The code you will see here will be a set of two sorts:
- utilities to abstract core functionality (e.g., document/object storage) in such a way that said functionality can be referred to in a standardized, serializable way, while handling the implementation-specific stuff (e.g., MongoDB, postgres)--including versioning--as purely config that exists far-removed from the code
- some handy tools crafted in a standardized, serializable way, like the
tables
module below, that will also serve as examples of the approach
Why modular?
- It helps devs write clean, readable, configurable code.
- Actions are easily loggable--something taken for granted in highly asynchronous codebases.
- Because code is inherently configurable, environment management is much simpler.
- You can help avoid lock-in, either because you want to choose the best performing tool for the job and easily switch as needed or because e.g., pricing, license, priorities, or principles of a tool changes.
Use this a dependency injection (DI) framework? Yes and no. But yes.

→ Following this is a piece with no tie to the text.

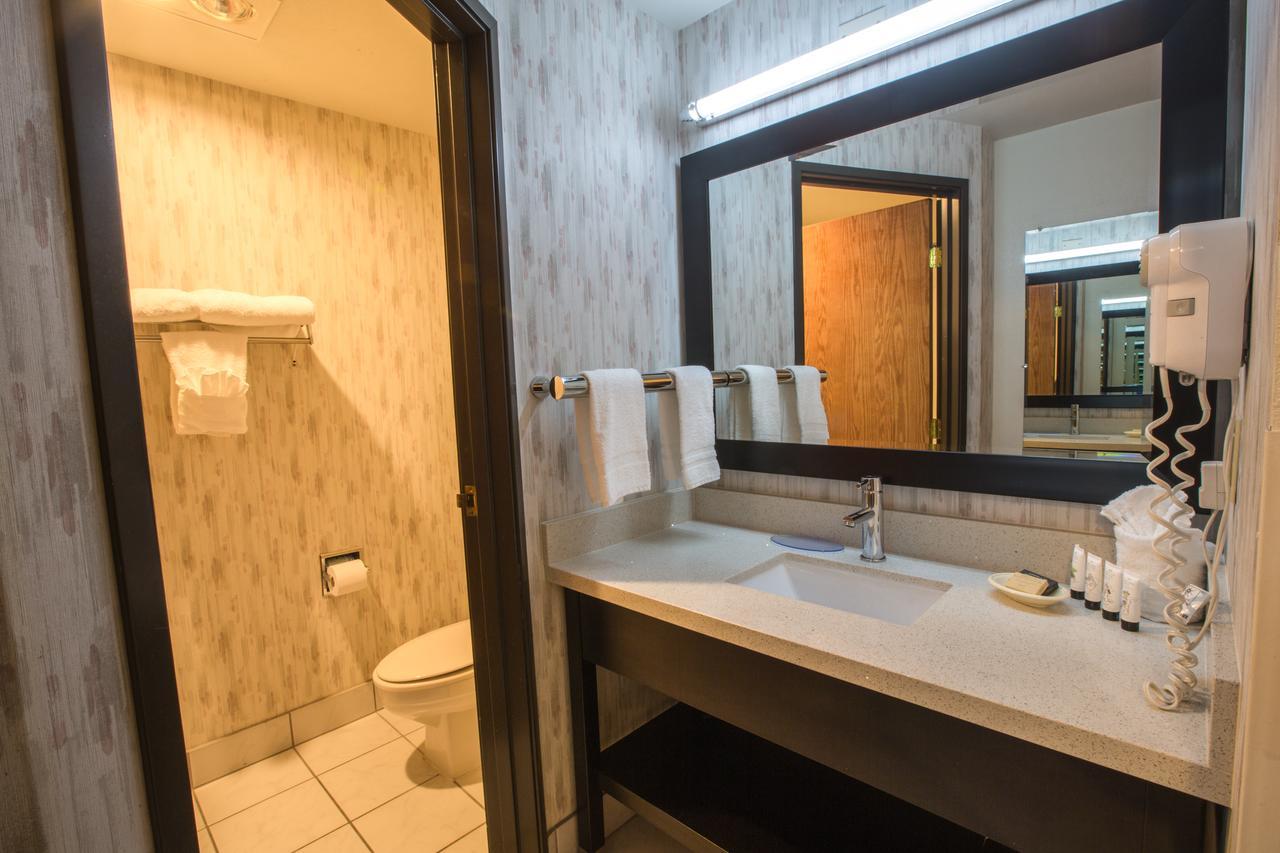 Bridgeway Inn & Suites - Portland Airport Gresham Eksteriør billede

I brought two of these into my dissertation project, which then became the flagship product of the non-profit I co-founded: the Open Science Framework. These were modular-odm
and modular-file renderer
. The latter is still used today; the former, while used heavily at COS, never reached its full potential. That may now change. The goal was to use abstraction to maximize choice and minimize lock-in.
TBA
The tables
module provides a flexible system for normalizing and formatting tabular data. It consists of three main components:
- Data Normalization (
normalize_table
): Converts various input formats into a standardized table structure - Format Converters: Built-in formatters for common output formats
- High-level Table Function: Combines normalization and formatting in one step
- Delimited (CSV, TSV, etc.)
- Markdown
- reStructuredText
- Custom formats through formatter functions
The simplest way to create formatted tables is using the table
function:
from modular.tables import table, markdown, delimited, rst
data = [
{"name": "Alice", "age": 30, "salary": 50000.123},
{"name": "Bob", "age": 25, "salary": 60000.456}
]
# Convert to Markdown
md_table = table(data, formatter=markdown)
# Convert to CSV
csv_table = table(data, formatter=delimited)
# Convert to TSV
tsv_table = table(data, formatter=lambda t: delimited(t, delimiter='\t'))

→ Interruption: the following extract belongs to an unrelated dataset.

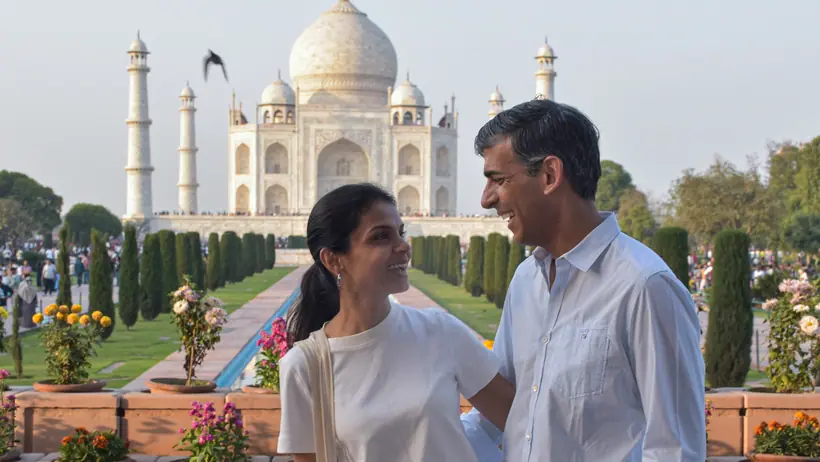 Rishi Sunak with wife Akshata Murty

# Convert to reStructuredText
rst_table = table(data, formatter=rst)
Control the order of columns in the output:
md_table = table(
data,
formatter=markdown,
order=['name', 'city', 'age']
)
Apply format strings to specific columns or set a default format for all numeric values:
# Format specific columns
md_table = table(
data,
formatter=markdown,
cell_formats=['{:s}', '{:d}', '${:.2f}'] # string, integer, currency format
)
# Set default number format for all numeric values
md_table = table(
data,
formatter=markdown,
default_number_format='{:.3f}' # 3 decimal places for all numbers
)
# Combine both
md_table = table(
data,
formatter=markdown,
cell_formats=['{:s}', None, '${:.2f}'], # Use default_number_format where None
default_number_format='{:.3f}'
)
Specify custom column headers:
data = [
['Alice', 30, 50000.123],
['Bob', 25, 60000.456]
]
md_table = table(
data,
formatter=markdown,
header=['Name', 'Age', 'Salary']
)
Create your own formatters for custom output formats:
def html_formatter(table):
if not table['data']:
return ""
html = "<table>\n"
# Header row
html += " <tr>\n"
for header in table['header']:
html += f" <th>{header}</th>\n"
html += " </tr>\n"
# Data rows
for row in table['data']:
html += " <tr>\n"
for cell in row:
html += f" <td>{cell}</td>\n"
html += " </tr>\n"
html += "</table>"
return html
html_table = table(data, formatter=html_formatter)
If you need more control, you can use the lower-level functions directly:
from modular.tables import normalize_table, markdown
# First normalize the data
normalized = normalize_table(
data,
header=['Name', 'Age', 'Salary'],
order=['Name', 'Salary', 'Age'],
cell_formats=['{:s}', '{:d}', '{:.2f}']
)
# Then convert to desired format
md_table = markdown(normalized)
To install the package in development mode:
git clone https://github.com/yourusername/modular.git
cd modular
pip install -e .
# Run all tests
pytest tests/tables/
# Run specific test file
pytest tests/tables/test_table.py
# Run specific test class
pytest tests/tables/test_table.py::TestBuiltinFormatters
This project is licensed under the MIT License - see the LICENSE file for details.